Memon's program relies on the fact that digital cameras record image information in discrete squares of color, or pixels. Each pixel consists of a sensor for red, blue, or green light. "You don't have all three [sensors] at any point," Memon explains, so cameras use "interpolation" algorithms to adjust the color of an individual pixel based on readings from the surrounding pixels. These algorithms vary from company to company, and they "leave telltale artifacts" on pictures, Memon says. In this way an image from one camera can be distinguished from one taken with another.

So far, Memon and his students in Brooklyn have catalogued the color estimation styles of 10 different manufacturers. Memon notes, however, that there is a difference between each company's high-end and mid-range models. The technique is about 90 percent accurate, Memon says, but as the number of digital cameras on the market grows, it becomes more difficult to match a picture to a camera brand.

Memon's technique is useful when investigators are hunting down a camera and a photographer; but in some instances, the camera is already part of the evidence. In these cases, a technique developed by Jessica Fridrich at the State University of New York in Binghamton can help to prove that an individual picture came from a specific camera.

To accomplish this bit of sleuthing, Fridrich exploits the fact that every camera produces tiny imperfections, or "noise," within an image. "If you zoom in on a portion of a picture that's supposed to be a uniform blue sky, you'll see those pixels are not monotonous blue," she explains. "You'll start to see irregularities."

Fridrich's software extracts these irregularities from a large number of pictures captured by the same camera. (Since investigators have access to the camera, they can take as many pictures as needed.) Because each individual camera has a characteristic way of producing noise, the irregularities can be averaged to create a unique signature, and individual photos can be checked against this signature.
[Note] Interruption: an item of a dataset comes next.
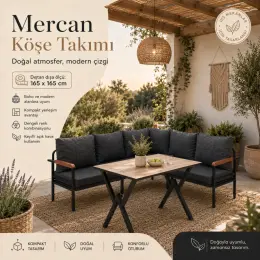 Garaj Home Mercan Bahçe Balkon Masalı L Köşe Takımı Antrasit 5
The technique is accurate 99.99 percent of the time, according to Fridrich. "We have discovered the equivalent to matching a bullet to the barrel and gun," she says.  
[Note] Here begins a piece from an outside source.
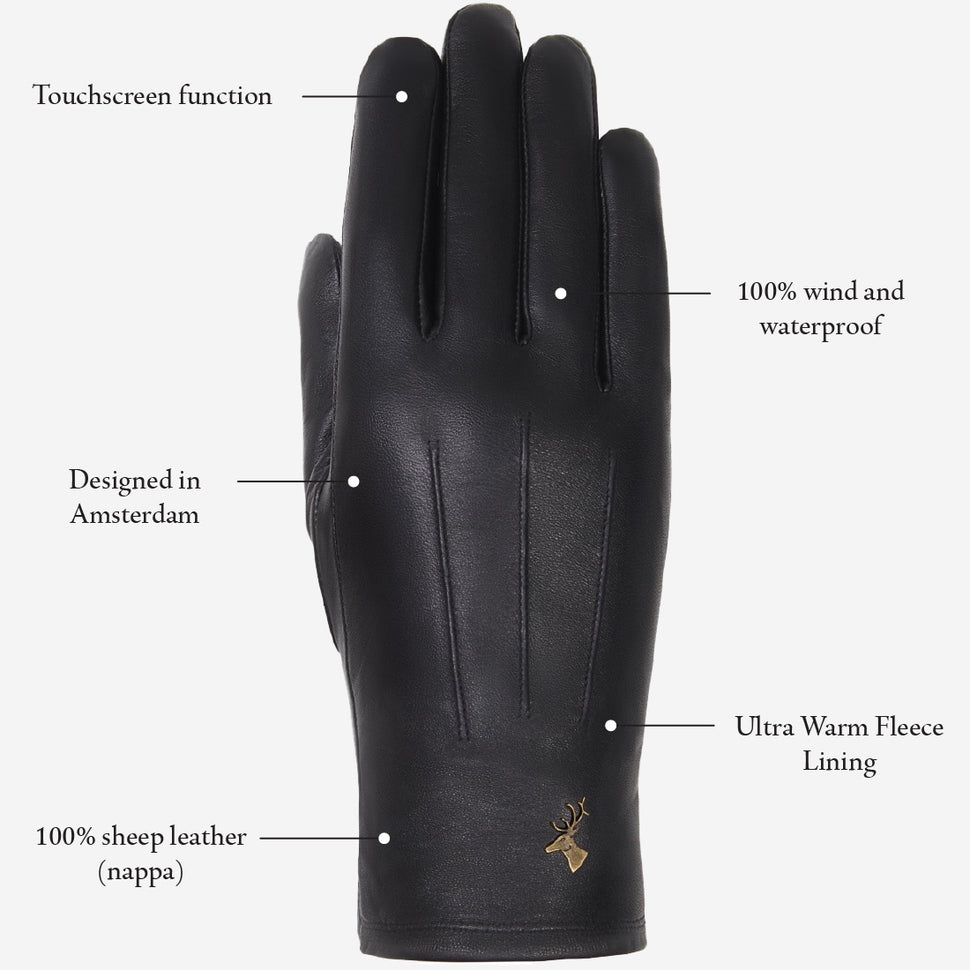 Lily (black) - sheepskin leather gloves with warm fleece lining & touchscreen feature - Schwartz & von Halen - UK - 9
Fridrich's technique works even after a picture has been compressed to a smaller file size, to be sent in an e-mail, for instance. In contrast, digital forensic techniques like Memon's fail if a file has been shrunk. "The beauty of [noise correlation] is that it is robust to distortion," says Fridrich.
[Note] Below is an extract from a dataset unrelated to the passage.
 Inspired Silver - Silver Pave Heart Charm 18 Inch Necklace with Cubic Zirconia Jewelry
Recently, Fridrich has been extending her noise analysis technique to determine if certain regions of an image have been altered. If the noise is not uniform across the picture, a segment has been tampered with, she says.

"Everyday, somewhere in the world, you have someone questioning the veracity of an image," Memon says. Both Memon's and Fredrich's tools are useful in different settings -- and together, they should help make it harder for photo forgers to dupe the unwitting public.